Well, it's officially July 11 in Japan, which means it's been two years since the passing of Nintendo's former president Satoru Iwata. Nintendo fans across the world are still waking up on July 10 and heaving sad sighs over the loss of this incredibly charismatic and innovative executive. Nintendo had never known such forward-thinking leadership until the appointment of Iwata as president, and I doubt that we'll ever see an executive in that role capable of making us smile like Iwata could.
On the anniversary of his death, I think it's important to remember that Iwata's influence is still ongoing, and far-reaching. Iwata was very much a part of the early development of what would eventually become the Nintendo Switch, and he even worked on Pokémon Go while he was ill. Those two things, of course, are still performing incredibly well, and we can't help but wish that Iwata were here to see the success of the Nintendo Switch and how much joy it's bringing to gamers all over the world.
Did you know that Iwata had worked on Pokémon Go and the Nintendo Switch? Did you know that he was also an incredibly talented developer and marvelous coder? There are actually many fascinating things you might not know about Nintendo's most famous president.
I mentioned above that Iwata was a fantastic programmer, and he really was. From a young age he had a passion for coding, and he was seriously gifted. When Earthbound landed in development Hell and was on the brink of caving in on itself, Iwata stepped in, wiped the slate clean, and re-programmed the game from the ground up. He did this with incredible speed, and Earthbound went on to be one of the most influential RPGs of the generation.
There are several stories like this one. Super Smash Bros. Melee only made its release date because of Iwata stepping in and contributing to the development himself. He's also the reason that Pokémon Gold and Silver were able to add the Kanto region to the games, and the reason that you were able to use your Game Boy Pokémon to fight in Pokémon Stadium on the N64. Iwata didn't have any reference material to work with when analyzing and porting over the battle logic to Stadium; he simply studied the source code for Red and Green and then ported it all himself -- in a week.
I mentioned that Iwata did in fact play a part in the early development of the Nintendo Switch, which might just end up being the most popular Nintendo console ever. Regardless, Iwata did play a huge role in Nintendo's most popular hardware releases. The Nintendo DS and the Wii both released while Iwata was president, and he saw both launches through from conception to realization.
He also started the Nintendo Direct, which we still look forward to several times a year.

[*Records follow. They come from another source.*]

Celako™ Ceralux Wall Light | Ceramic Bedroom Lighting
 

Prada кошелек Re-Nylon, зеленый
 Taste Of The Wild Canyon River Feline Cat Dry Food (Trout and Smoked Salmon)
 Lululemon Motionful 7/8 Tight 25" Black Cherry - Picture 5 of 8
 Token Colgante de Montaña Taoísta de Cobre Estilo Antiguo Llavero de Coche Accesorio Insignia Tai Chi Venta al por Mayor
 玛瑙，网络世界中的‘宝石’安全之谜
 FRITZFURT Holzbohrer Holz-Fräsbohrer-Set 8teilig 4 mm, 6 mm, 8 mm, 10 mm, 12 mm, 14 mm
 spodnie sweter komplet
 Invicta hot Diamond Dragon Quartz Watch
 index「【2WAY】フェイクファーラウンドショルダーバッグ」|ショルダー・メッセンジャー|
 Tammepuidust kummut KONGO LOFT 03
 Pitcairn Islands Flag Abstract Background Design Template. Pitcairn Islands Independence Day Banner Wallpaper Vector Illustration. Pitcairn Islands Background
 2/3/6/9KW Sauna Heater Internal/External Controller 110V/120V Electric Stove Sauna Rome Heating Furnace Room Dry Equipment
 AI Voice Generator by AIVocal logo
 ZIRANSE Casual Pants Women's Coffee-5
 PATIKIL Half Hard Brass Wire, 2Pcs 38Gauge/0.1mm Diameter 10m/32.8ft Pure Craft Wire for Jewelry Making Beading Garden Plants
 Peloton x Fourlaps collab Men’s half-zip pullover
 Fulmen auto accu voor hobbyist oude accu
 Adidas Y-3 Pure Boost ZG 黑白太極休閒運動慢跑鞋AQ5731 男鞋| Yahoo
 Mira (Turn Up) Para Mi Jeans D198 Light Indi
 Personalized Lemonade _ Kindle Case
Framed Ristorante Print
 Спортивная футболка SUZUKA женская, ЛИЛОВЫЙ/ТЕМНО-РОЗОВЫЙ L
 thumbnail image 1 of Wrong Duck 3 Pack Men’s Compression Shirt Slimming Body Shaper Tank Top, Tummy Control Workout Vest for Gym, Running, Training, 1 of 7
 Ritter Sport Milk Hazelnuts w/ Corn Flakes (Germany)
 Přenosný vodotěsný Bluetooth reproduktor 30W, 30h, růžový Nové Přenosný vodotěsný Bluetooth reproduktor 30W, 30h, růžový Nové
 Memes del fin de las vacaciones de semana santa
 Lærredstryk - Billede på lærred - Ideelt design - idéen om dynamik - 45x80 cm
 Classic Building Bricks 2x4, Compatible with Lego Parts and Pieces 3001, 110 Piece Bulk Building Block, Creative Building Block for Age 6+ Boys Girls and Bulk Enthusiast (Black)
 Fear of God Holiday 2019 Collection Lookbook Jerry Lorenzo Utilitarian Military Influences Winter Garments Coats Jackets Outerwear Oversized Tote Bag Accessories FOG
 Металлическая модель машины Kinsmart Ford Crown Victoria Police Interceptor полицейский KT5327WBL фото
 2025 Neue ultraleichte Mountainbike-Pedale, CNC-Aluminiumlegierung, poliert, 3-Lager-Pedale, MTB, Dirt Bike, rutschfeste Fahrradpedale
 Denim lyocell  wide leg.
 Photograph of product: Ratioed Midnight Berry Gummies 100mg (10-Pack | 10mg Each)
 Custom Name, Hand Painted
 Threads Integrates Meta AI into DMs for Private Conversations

Nintendo basically gives us a mini E3 every time it hosts a Direct, revealing its most exciting projects and releases to fans directly, and we have Iwata to thank for that concept.
The Wii U did not perform as well as its predecessor, that's no secret, and in the years following the Wii U's downward spiral, Nintendo's earnings were looking awful. Layoffs were inevitable, but Iwata wouldn't tolerate his employees losing their jobs. Instead, he took full responsibility for Nintendo's recent poor performance, and announced that he'd be cutting his own salary in half in order to save jobs.
Everything changed after that. Nintendo as a brand changed after that, and so did our perception of Nintendo as a company. Iwata made a bold symbolic statement that day, and we never forgot it -- neither have his employees.